• PROVIDED MATERIAL:
------------

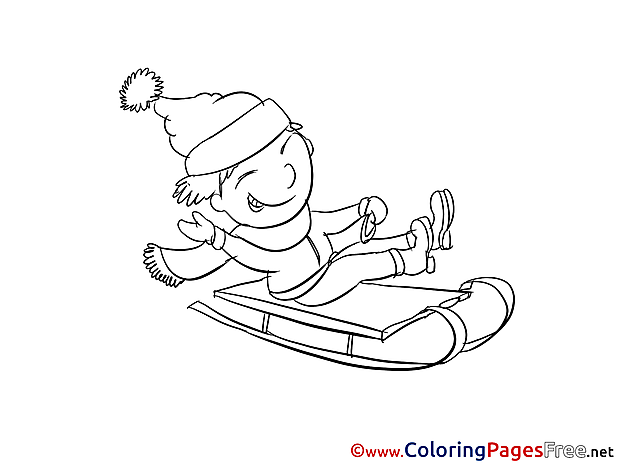 Boy Sleigh Winter  free Coloring Sheets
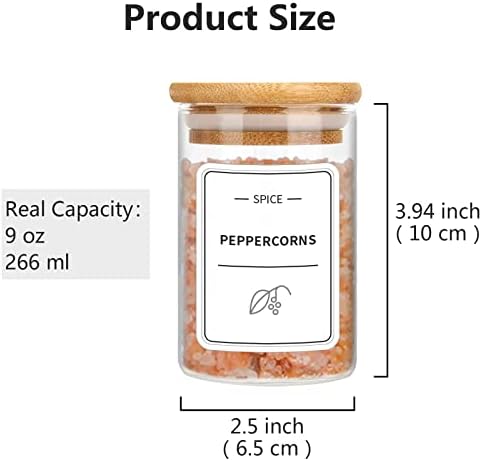 Luvan Spice Jars with Lids 12 Pcs , Glass Jars Set with Bamboo Wood Lids, Glass Spice Jars with 148 Pre-printed Minimalistic Spice Labels,Jars with Lids Airtight for Kitchen, Sugar, Coffee - 266ml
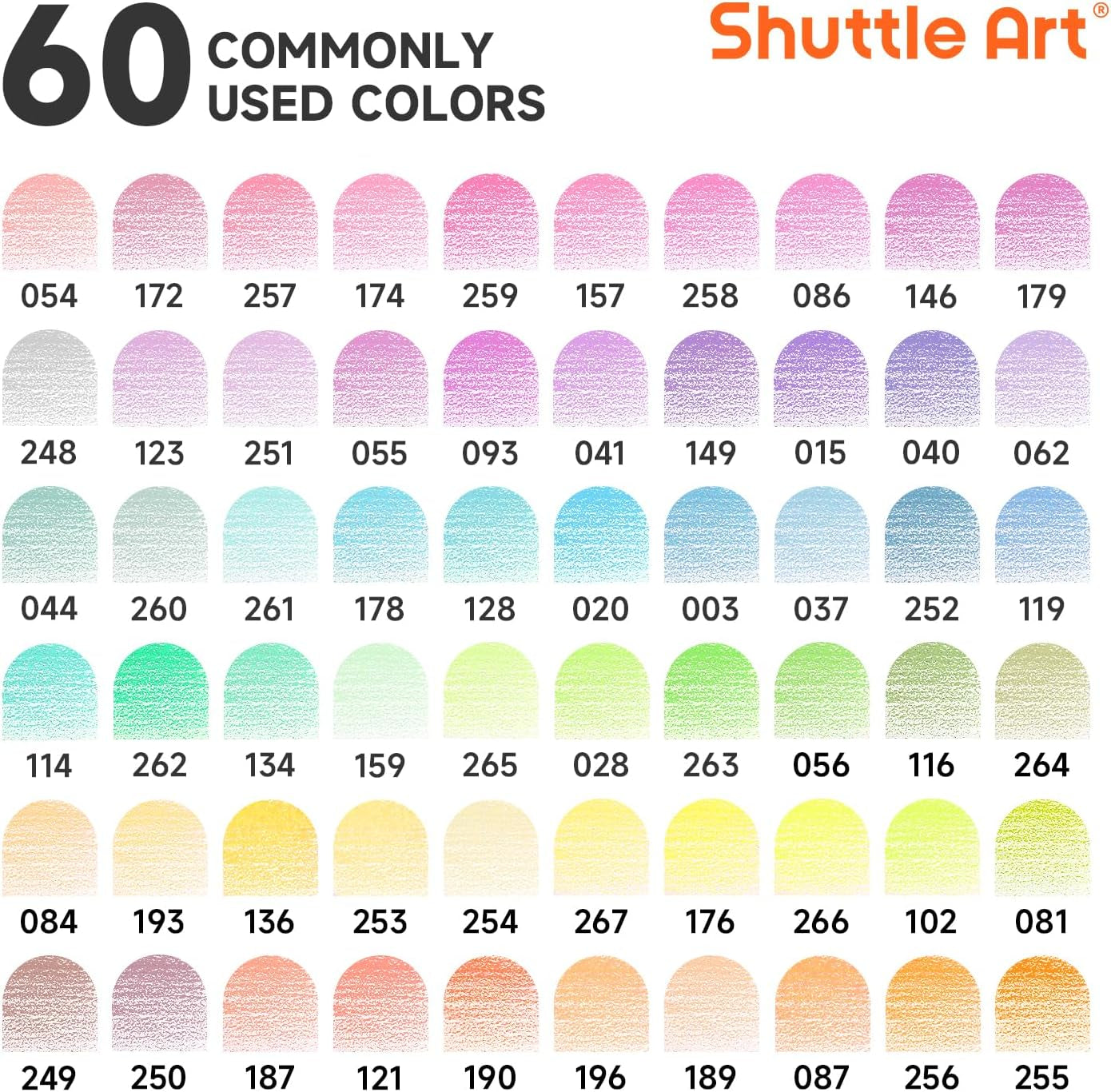 60 Pastel Colored Pencils, Colored Pencils for Adult Coloring, Soft Core Coloring Pencils in Gift Tin Box, Color Pencils for Kids Adults Beginners Artists Drawing Coloring Sketching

------------

• YOUR ASSIGNMENT: Could the material above be written out again word for word, with the pictures dropped?

• RESPONSE:
 Boy Sleigh Winter  free Coloring Sheets
 Luvan Spice Jars with Lids 12 Pcs , Glass Jars Set with Bamboo Wood Lids, Glass Spice Jars with 148 Pre-printed Minimalistic Spice Labels,Jars with Lids Airtight for Kitchen, Sugar, Coffee - 266ml
 60 Pastel Colored Pencils, Colored Pencils for Adult Coloring, Soft Core Coloring Pencils in Gift Tin Box, Color Pencils for Kids Adults Beginners Artists Drawing Coloring Sketching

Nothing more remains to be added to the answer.